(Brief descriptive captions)
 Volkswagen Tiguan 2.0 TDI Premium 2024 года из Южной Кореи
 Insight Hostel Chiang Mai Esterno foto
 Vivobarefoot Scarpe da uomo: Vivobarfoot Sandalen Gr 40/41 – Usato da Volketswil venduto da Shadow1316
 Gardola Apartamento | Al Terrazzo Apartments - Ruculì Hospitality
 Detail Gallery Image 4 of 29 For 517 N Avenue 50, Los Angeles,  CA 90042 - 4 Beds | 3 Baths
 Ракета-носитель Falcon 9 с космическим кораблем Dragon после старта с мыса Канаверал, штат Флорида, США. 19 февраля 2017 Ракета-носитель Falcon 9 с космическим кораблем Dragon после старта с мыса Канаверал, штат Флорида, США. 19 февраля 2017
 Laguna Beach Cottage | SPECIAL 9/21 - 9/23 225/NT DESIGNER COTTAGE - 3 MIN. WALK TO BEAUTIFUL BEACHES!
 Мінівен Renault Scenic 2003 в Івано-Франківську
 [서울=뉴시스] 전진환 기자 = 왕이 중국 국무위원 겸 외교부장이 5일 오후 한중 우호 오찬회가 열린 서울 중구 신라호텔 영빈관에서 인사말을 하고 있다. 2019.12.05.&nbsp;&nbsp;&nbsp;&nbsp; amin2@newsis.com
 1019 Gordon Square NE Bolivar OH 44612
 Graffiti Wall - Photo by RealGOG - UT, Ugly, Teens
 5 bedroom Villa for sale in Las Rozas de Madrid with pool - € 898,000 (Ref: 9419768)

- **TASK TO COMPLETE**
All of the records must be repeated exactly.

- **RESPONSE**
 Volkswagen Tiguan 2.0 TDI Premium 2024 года из Южной Кореи
 Insight Hostel Chiang Mai Esterno foto
 Vivobarefoot Scarpe da uomo: Vivobarfoot Sandalen Gr 40/41 – Usato da Volketswil venduto da Shadow1316
 Gardola Apartamento | Al Terrazzo Apartments - Ruculì Hospitality
 Detail Gallery Image 4 of 29 For 517 N Avenue 50, Los Angeles,  CA 90042 - 4 Beds | 3 Baths
 Ракета-носитель Falcon 9 с космическим кораблем Dragon после старта с мыса Канаверал, штат Флорида, США. 19 февраля 2017 Ракета-носитель Falcon 9 с космическим кораблем Dragon после старта с мыса Канаверал, штат Флорида, США. 19 февраля 2017
 Laguna Beach Cottage | SPECIAL 9/21 - 9/23 225/NT DESIGNER COTTAGE - 3 MIN. WALK TO BEAUTIFUL BEACHES!
 Мінівен Renault Scenic 2003 в Івано-Франківську
 [서울=뉴시스] 전진환 기자 = 왕이 중국 국무위원 겸 외교부장이 5일 오후 한중 우호 오찬회가 열린 서울 중구 신라호텔 영빈관에서 인사말을 하고 있다. 2019.12.05.&nbsp;&nbsp;&nbsp;&nbsp; amin2@newsis.com
 1019 Gordon Square NE Bolivar OH 44612
 Graffiti Wall - Photo by RealGOG - UT, Ugly, Teens
 5 bedroom Villa for sale in Las Rozas de Madrid with pool - € 898,000 (Ref: 9419768)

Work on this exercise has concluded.